= Try it =
An exact transcription is needed, starting at the line containing "Ekstrak Basil Suci" and running through the last line of the records, with every picture left out.

= Task data =
= Beginning of Section =
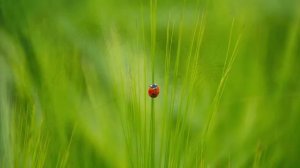 Обсуждение_темы_№_2__Характер_Бога_и_великая_борьба_Восстание_Люцифера_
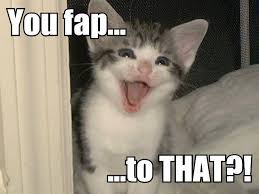 you-fap-to.jpgJPG image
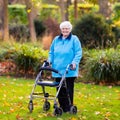 Senior lady with a walker in autumn park Royalty Free Stock Photo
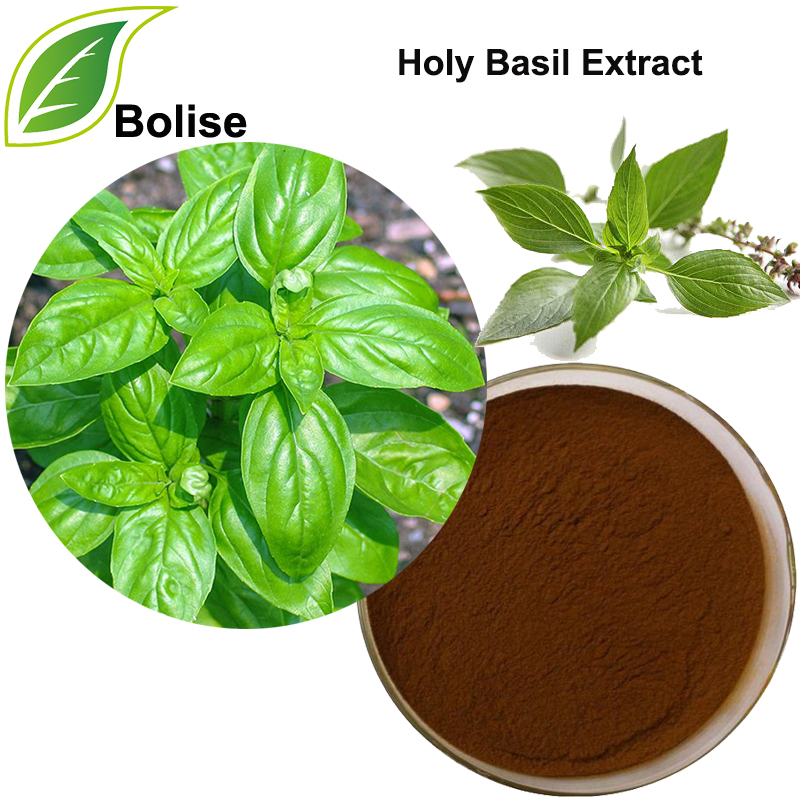 Ekstrak Basil Suci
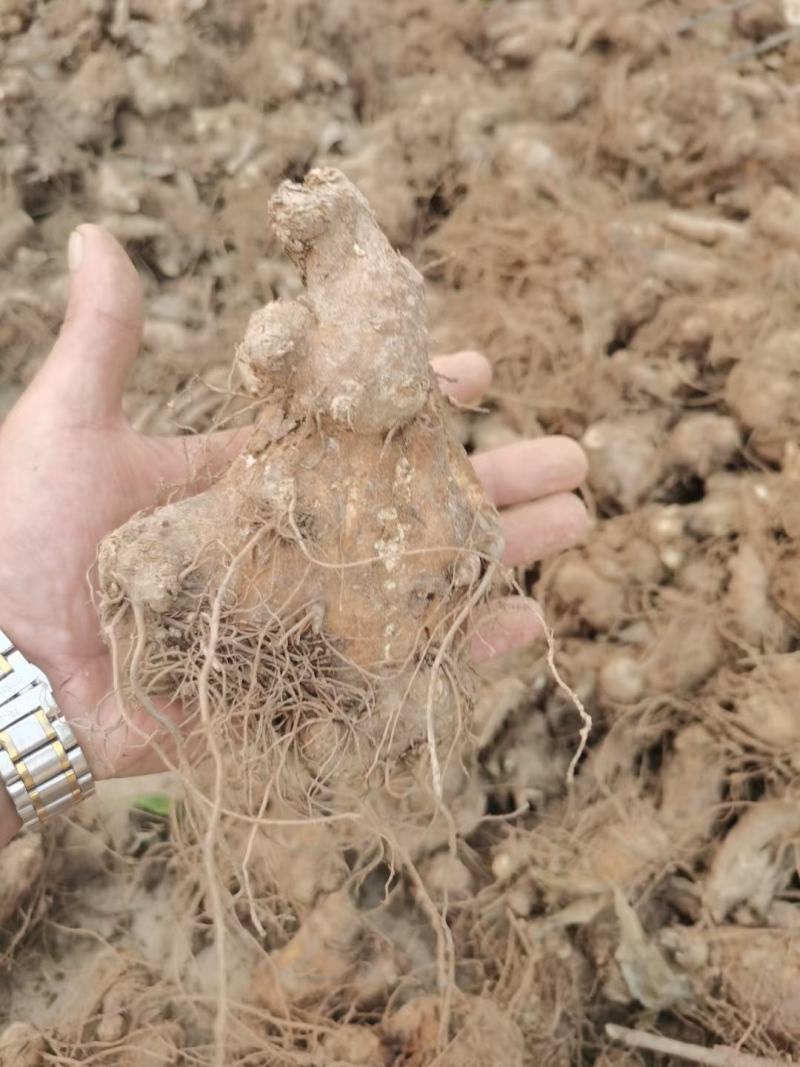 大量收购鲜白术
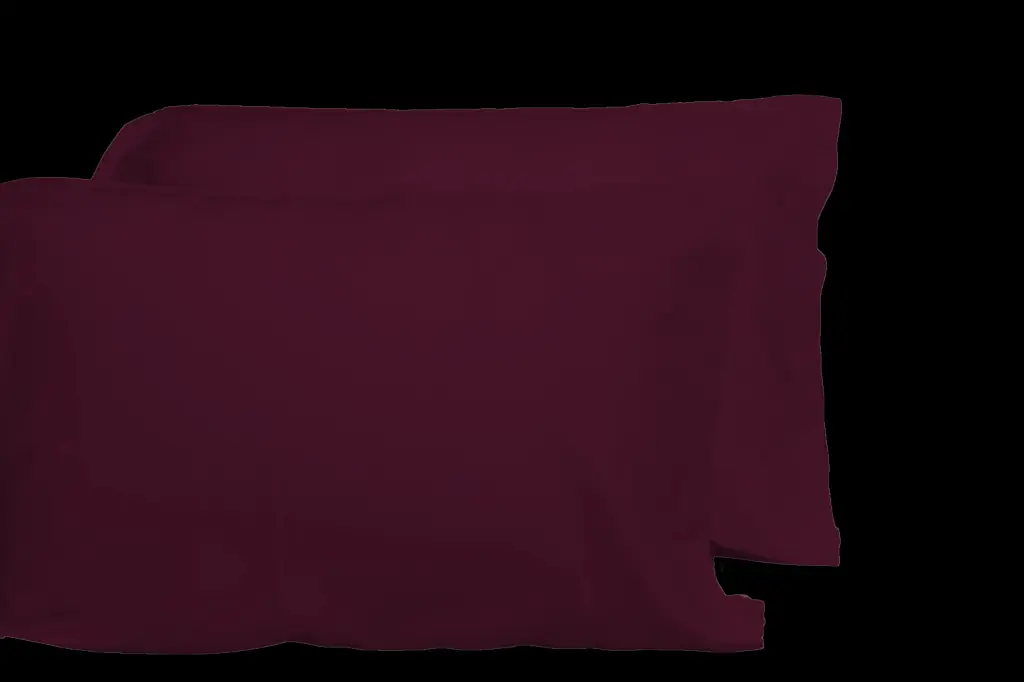 Luxurious Viscose 2 Piece Pillowcase Set from 100% Bamboo OEKO TEX Certified dty home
= End of Section =
= Solved exercise =
 Ekstrak Basil Suci
 大量收购鲜白术
 Luxurious Viscose 2 Piece Pillowcase Set from 100% Bamboo OEKO TEX Certified dty home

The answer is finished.